The 7:30-2:03 period is where students have the most trouble feeding their social media addiction. Teachers have resorted to taking phones to ensure students are focused during class, which inevitably creates the new urge of craving their phone within arms reach to function properly.
This leads to a sudden rush to the shoe rack at the end of class to, again, check up on anything they’ve missed during the 70 minute period that they were separated from their second pair of lungs.
As a teenager myself, it would be dishonest if I did not address that this social media lifestyle did control my life as well. I find myself checking my phone more often than I’d like to admit. Quite frankly, as I’ve written this exact opinion piece, I’ve probably glanced at my phone after every sentence or two, to see if I’ve received any new notifications.
The truth is, our generation has an entirely new way of living due to the piece of technology that lays at our fingertips.

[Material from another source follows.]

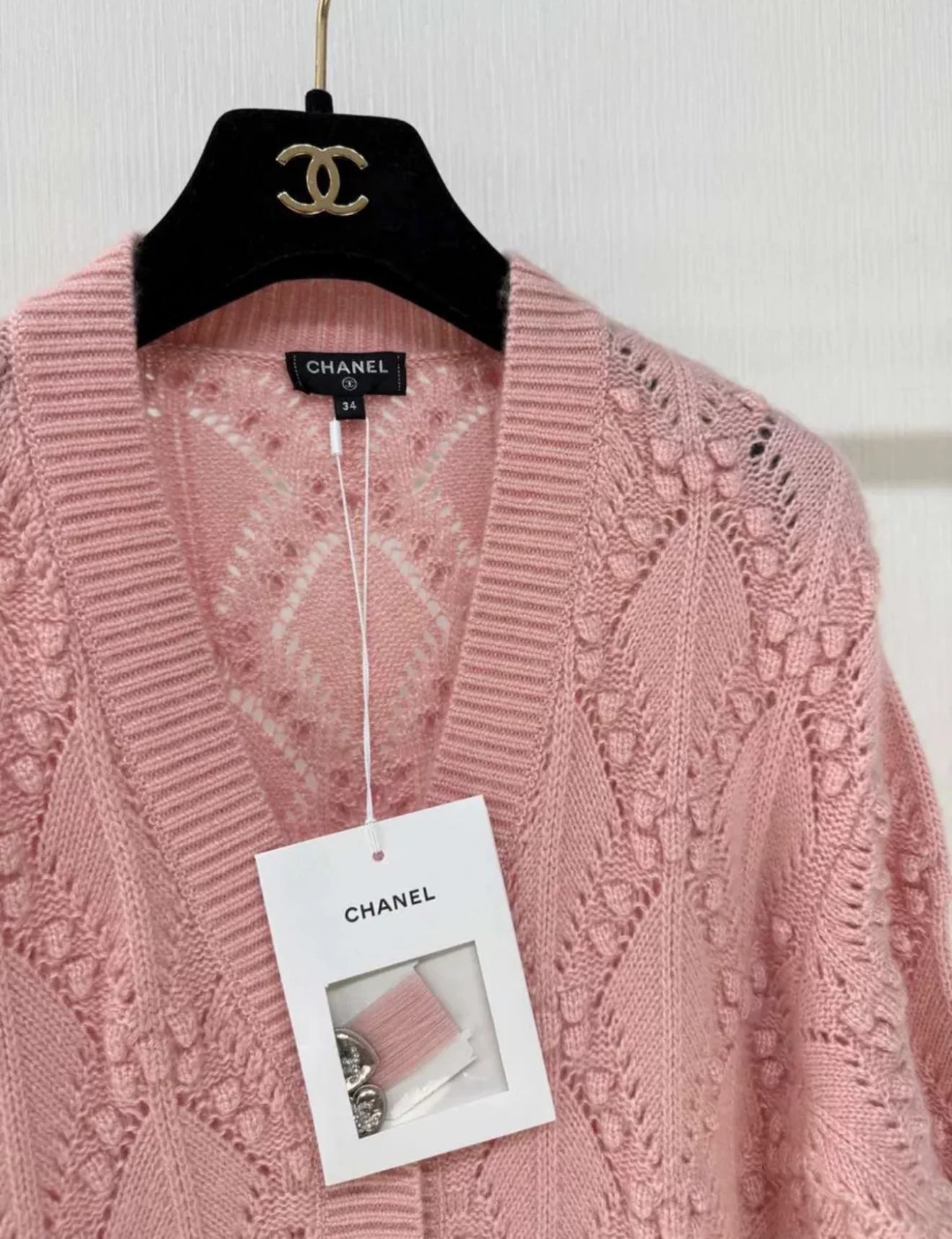 Chanel 21B pink cashmere cardigan - Image 2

When our parents were in high school, they didn’t need their phones to make plans with their friends to hangout. Before phones and social media, people needed to communicate in person to talk to someone, which can be quite shocking for people of today’s world.
“You need to ask someone on a date in person?!” Yes, you do.
I’m not sure of the consequences our generation will face due to not practicing social skills in real life.
We live our lives needing to satisfy our online status, whether it be updating the world on attending the Ed Sheeran concert, or keeping up with our Snapchat streaks to reach that one year anniversary of snapchatting everyday.
These ‘ticks’ that teenagers face is a new problem that the older generation did not face while growing up.
Will we have problems in the real world when we’re forced to attend meetings and socialize in real life? Will we be able to make friends through talking and not finding common interests through Instagram photos? Will we be able to handle real life situations when we’re denied in real life and not through a screen?
Social media has changed the way our lives are lived, and it’s too much.